By Tommy H. Thomason

Wednesday, October 14, 2009

It Seemed Like a Good Idea at the Time V

The Vought F7U-1 was one of the more gimmicky designs ever to fly. Some of the wonderfulness came directly from it being "tail-less", which sounds like a simplification but introduced complications from a carrier landing standpoint. An airplane with no horizontal tail can't have trailing edge flaps, since there's no way to counteract the nose down pitching moment that flap extension causes. No flaps means a high approach speed, which was unacceptable for a carrier-basing, unless the airplane has lots of wing area and/or approaches at a high angle of attack. In order to minimize the former, Vought relied more on the latter. The high nose attitude resulted in a long nose gear. To reduce the rearward loading on the nose gear strut attachment when the nose wheel touched down, the wheel was spun up to speed before landing by compressed air from the engine impinging on a set of vanes on the nose wheel hub. The main gear could be set in either of two positions, forward for takeoff and aft for landing. And the tail hook was attached to the top of the fuselage, so the nose would not pitch down when the hook engaged a cross-deck pendant. This resulted in the hook being stowed on the top of the aft fuselage instead of the bottom, which meant that it was longer than usual. That led to a three-segment hook that folded back on itself for stowage.

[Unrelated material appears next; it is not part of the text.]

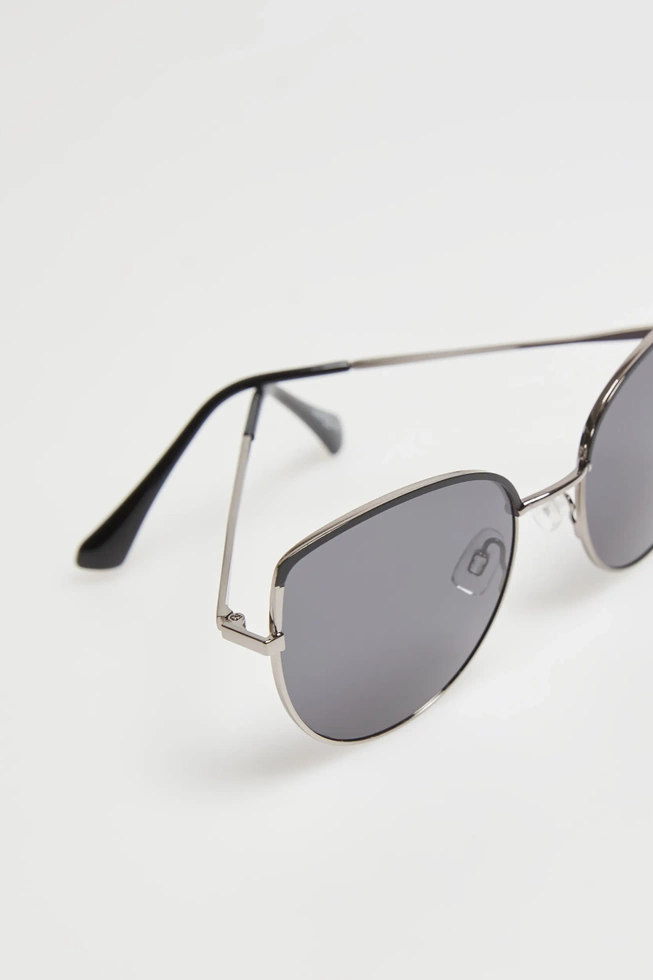 Okulary przeciwsłoneczne o kocim kształcie i z metalowymi oprawkami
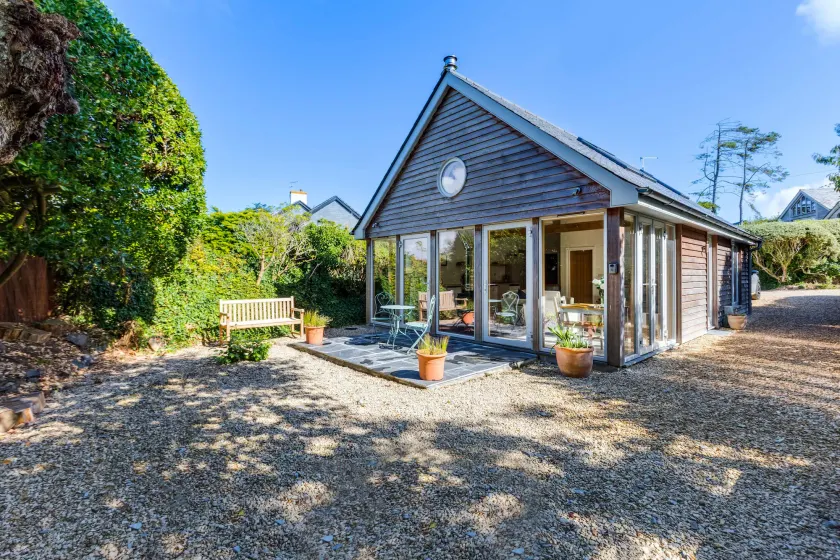 Greystones Studio - Image 1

It's difficult to see in either the illustration or the photo, but the most forward segment of the hook  was a V-frame. It was covered by a pair of triangular doors. When the hook was extended, it was retained in its stowed position by a latch until the hook engaged a cross-deck pendant and then was released to pivot in line with the two hook segments aft of it.

As if that weren't complicated enough, the hook throat included another Vought innovation, a "trigger" that forcibly ejected the cross-deck pendant after the aircraft was stopped to insure that the hook released the pendant. If it didn't, a sailor had to run out and knock it loose so the airplane could taxi out of the landing area.

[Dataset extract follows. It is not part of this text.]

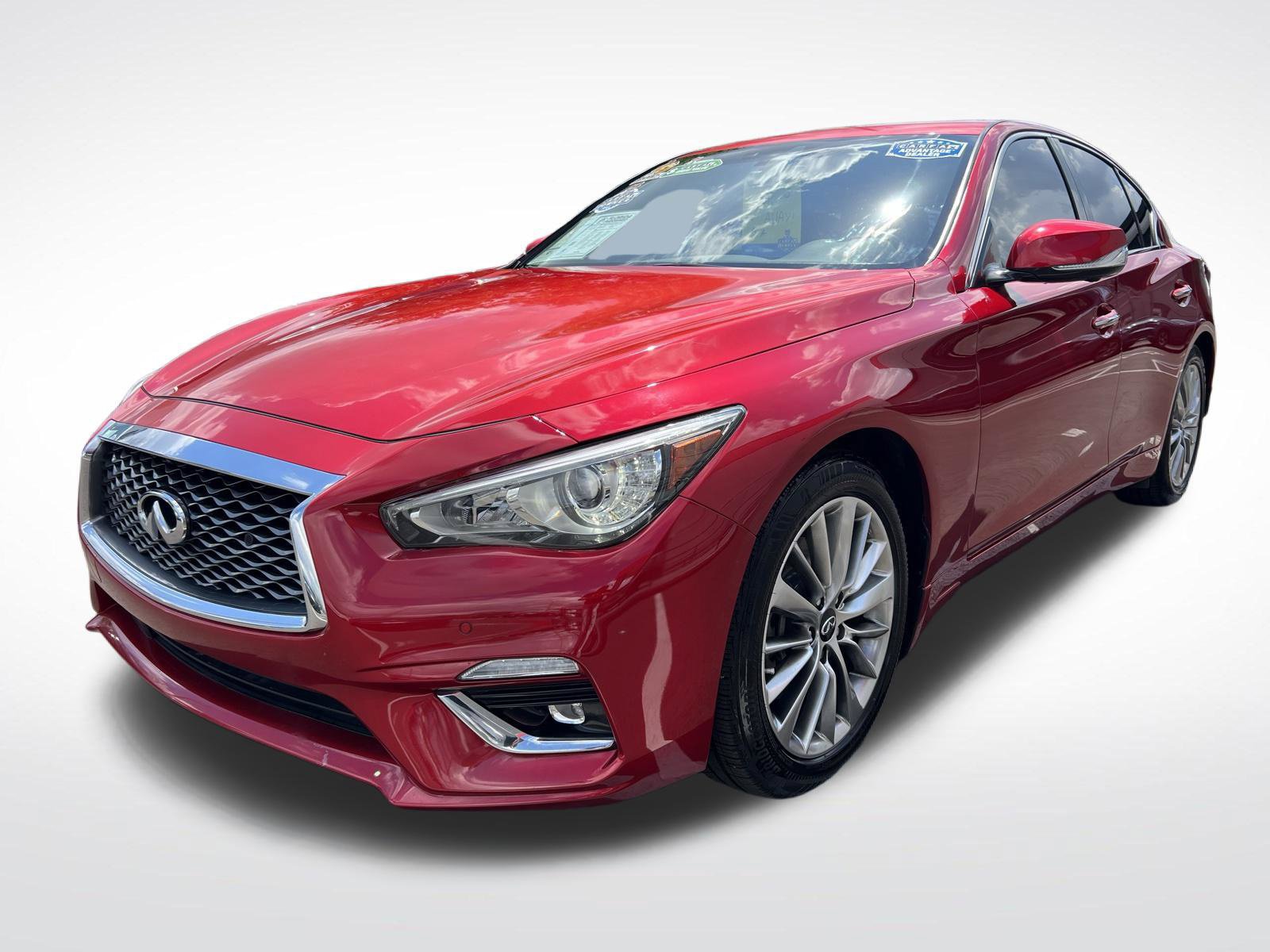 Used 2022 INFINITI Q50 Luxe w/ Cargo Package AWD/4WD image 4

During shore-based trials at Pax, the rectangular fairing over the aft hook segment came off during three arrestments, so it was reattached to the V-frame and hinged to the side to allow the hook to extend. The pendant ejector was deleted "in an effort to simplify the arresting hook assembly." The whole experience was summarized with the statement: "The arresting hook assembly is complicated, and its practicability for service use is doubtful."

The F7U-3 had a conventional V-frame hook attached to bottom of the aft fuselage.